Pastinha teve estudo deficiente, cursou apenas alfabetização, mas compensava com a sabedoria. A própria postura era de intelectual. “Um gentleman, homem fino”, atesta Gildo Alfinete. Poderia discutir sobre qualquer assunto, com qualquer um que o interpelasse. Estudiosos do mais alto gabarito iam à sua procura. Outros, chama a atenção Ângelo Decânio, realizavam trabalhos irresponsáveis servindo-se do seu nome. “Pastinha foi utilizado por muita gente inescrupulosa como alavanca social.
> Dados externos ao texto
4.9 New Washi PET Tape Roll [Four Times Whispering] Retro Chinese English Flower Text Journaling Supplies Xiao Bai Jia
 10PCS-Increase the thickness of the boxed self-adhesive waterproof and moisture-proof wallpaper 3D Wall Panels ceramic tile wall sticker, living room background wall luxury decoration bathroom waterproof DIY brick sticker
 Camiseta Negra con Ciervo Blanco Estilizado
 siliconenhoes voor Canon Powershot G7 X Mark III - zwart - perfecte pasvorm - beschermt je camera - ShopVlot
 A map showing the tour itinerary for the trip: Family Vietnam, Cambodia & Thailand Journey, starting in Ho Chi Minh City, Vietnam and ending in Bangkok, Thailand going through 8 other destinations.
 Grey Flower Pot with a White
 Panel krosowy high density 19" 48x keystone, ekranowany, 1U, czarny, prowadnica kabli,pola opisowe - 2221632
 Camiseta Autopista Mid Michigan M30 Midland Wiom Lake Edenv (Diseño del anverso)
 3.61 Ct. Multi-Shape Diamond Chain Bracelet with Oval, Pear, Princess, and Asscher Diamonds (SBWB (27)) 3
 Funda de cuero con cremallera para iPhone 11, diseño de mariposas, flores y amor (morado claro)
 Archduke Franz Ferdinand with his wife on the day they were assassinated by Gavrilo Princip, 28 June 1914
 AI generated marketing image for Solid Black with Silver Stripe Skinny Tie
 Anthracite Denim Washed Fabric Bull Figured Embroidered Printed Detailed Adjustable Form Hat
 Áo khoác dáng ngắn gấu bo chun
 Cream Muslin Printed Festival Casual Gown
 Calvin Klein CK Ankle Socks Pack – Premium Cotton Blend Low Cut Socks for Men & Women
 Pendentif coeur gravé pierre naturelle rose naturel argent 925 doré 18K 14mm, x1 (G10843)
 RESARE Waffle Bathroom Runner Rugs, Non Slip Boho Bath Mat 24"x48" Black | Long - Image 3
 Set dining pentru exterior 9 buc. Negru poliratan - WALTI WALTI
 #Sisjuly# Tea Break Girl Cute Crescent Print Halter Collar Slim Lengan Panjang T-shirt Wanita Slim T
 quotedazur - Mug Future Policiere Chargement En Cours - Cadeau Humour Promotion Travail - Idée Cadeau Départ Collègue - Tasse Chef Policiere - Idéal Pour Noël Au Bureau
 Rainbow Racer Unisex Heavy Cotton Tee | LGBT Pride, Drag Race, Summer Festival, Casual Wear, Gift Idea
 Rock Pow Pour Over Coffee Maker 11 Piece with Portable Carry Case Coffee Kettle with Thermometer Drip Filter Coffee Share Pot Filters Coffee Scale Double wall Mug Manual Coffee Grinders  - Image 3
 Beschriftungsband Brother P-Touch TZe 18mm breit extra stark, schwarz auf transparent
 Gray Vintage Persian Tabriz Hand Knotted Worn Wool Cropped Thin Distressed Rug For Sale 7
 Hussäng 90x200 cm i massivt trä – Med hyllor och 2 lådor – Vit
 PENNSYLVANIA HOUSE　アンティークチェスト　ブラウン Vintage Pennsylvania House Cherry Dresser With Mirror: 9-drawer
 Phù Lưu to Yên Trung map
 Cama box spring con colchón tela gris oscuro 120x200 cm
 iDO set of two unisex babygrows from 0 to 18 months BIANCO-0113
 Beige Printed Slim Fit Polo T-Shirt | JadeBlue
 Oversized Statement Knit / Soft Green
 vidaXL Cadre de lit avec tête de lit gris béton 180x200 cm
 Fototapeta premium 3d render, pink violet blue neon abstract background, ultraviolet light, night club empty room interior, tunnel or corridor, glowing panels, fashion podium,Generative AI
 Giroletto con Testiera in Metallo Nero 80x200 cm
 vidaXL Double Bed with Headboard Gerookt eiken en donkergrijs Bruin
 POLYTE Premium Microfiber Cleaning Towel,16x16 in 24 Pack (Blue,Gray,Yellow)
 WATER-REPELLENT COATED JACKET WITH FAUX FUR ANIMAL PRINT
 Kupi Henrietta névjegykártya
Isso desgastava o mestre, que era desprovido de ambições políticas”.
O folclorista Waldeloir Rego faria diferente. Realizou ensaio socio-etnográfico completo sobre a capoeira angola e suas origens. Em alguns momentos, Waldeloir discorre longamente sobre sua inteligência, mas também sobre suas qualidades como capoeirista. Para tanto, recorre a citação de Jorge Amado: “Mestre Pastinha tem mais de 70 anos. É um mulato pequeno de assombrosa agilidade, de resistência incomum. Quando ele começa a brincar, a impressão dos assistentes é que aquele pobre velho, carapinha branca, cairá em dois minutos, derrubado pelo jovem adversário ou pela falta de fôlego. Ledo e cego engano. Os adversários sucedem-se, e ele os vence a todos”.